:: YOUR INSTRUCTIONS ::
Images are not part of the copy; transcribe all the data exactly.

:: RECORDED DATA ::
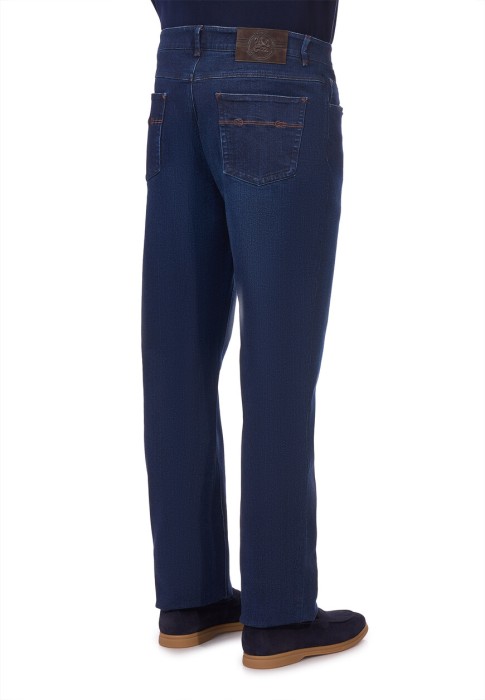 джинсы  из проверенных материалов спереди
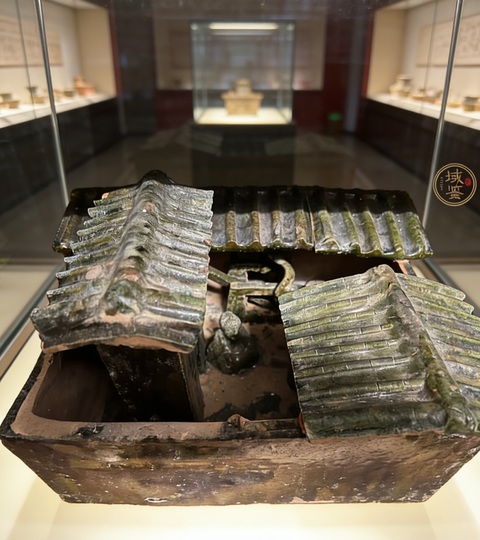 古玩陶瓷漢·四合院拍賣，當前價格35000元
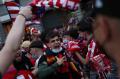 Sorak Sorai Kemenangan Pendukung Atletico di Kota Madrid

:: TASK RESPONSE ::
 джинсы  из проверенных материалов спереди
 古玩陶瓷漢·四合院拍賣，當前價格35000元
 Sorak Sorai Kemenangan Pendukung Atletico di Kota Madrid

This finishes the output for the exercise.